I’m going to focus, if I may, on why I believe the Government’s amendment to our motion is a failure to understand and recognise what is at stake here. A document sent to Assembly Members yesterday—I’m sure many of you will have had an opportunity to see that document—notes that Carers Wales, Contact a Family Wales and Learning Disability Wales are very disappointed that the Government’s amendment to this debate fails to recognise or tackle the financial impact that this directly has on low-income families with disabled children in terms of cutting funds to the Family Fund by over £5.5 million over three years. That’s 2016-17 and 2018-19. It goes on to say that this is not a general issue of project funding for the third sector but one that directly affects low-income families with disabled children, with over 4,000 families per year in Wales now unable to access an annual grant of £500, on average—£500 that can make a huge impact on the annual budget of low-income families. And they remind us that the three other administrations in the UK have maintained their financial support for the Family Fund at the 2015-16 level.

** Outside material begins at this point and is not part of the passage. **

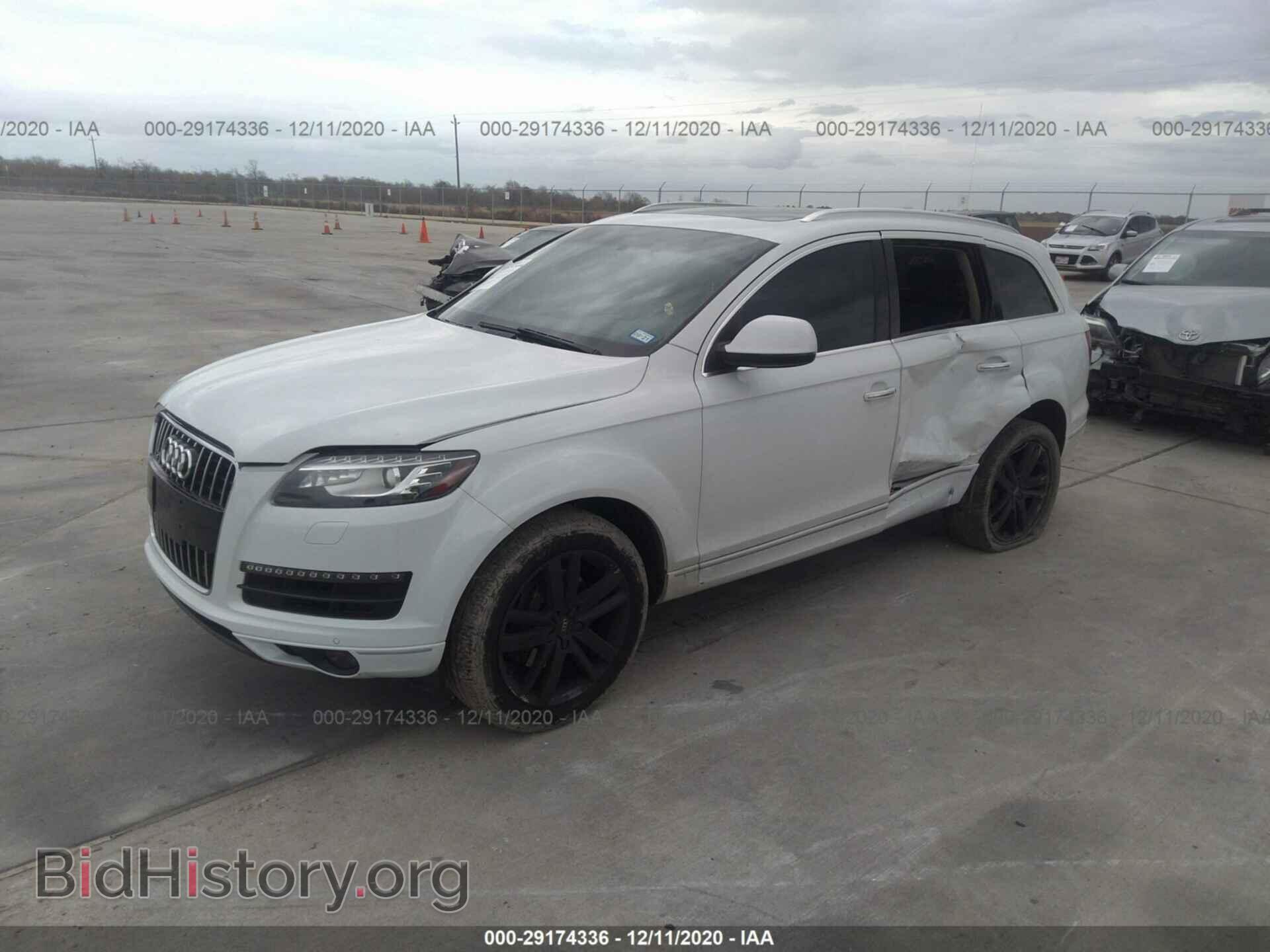2013 AUDI Q7 - VIN: WA1LGAFE0DD009727 - Фото 2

The Department for Education in England announced yesterday, by coincidence, that it will continue to fund this programme—a sum of £81 million over three years.

I would add that the Government amendment does suggest that Ministers haven’t been aware, or haven’t taken account of the fact that the shift in funding to the sustainable social services’ third sector grant scheme has had this impact on direct funding to families. There is no alternative. Noting other programmes available and the availability of welfare rights, for example, doesn’t make up for the fact that this is a direct loss to these families, particularly in a climate where other sources of support are disappearing. The stories of service users that we’ve heard have demonstrated this, and, again, I quote from the document from Carers Wales, Contact a Family Wales and Learning Disability Wales, which quotes a parent who can no longer access Family Fund support: ‘As the parent of a profoundly disabled child, I know how difficult and discouraging it is to try to carry on during a time of reduced budgets as well as hostility, on the part of the Westminster government, towards disability benefits. We carry on as best we can, but we live on the edge of not coping, financially as well as in other ways.’ The Family Fund grants are a lifeline to so many—that’s what that parent had to say.

We have presented this motion, having heard from organisations that are frustrated with the current situation—with the loss of the funds but also the absence of any recognition that there has been a cut, because there has been a cut. That is why we have worded this in a way that provides an alternative way forward for the Government. If there is an alternative approach using a different model to the Family Fund, well, fine, let’s consider that. But what’s important for us, and what’s important in the wording of this motion is that that direct support should be available in some way, and that it should be restored.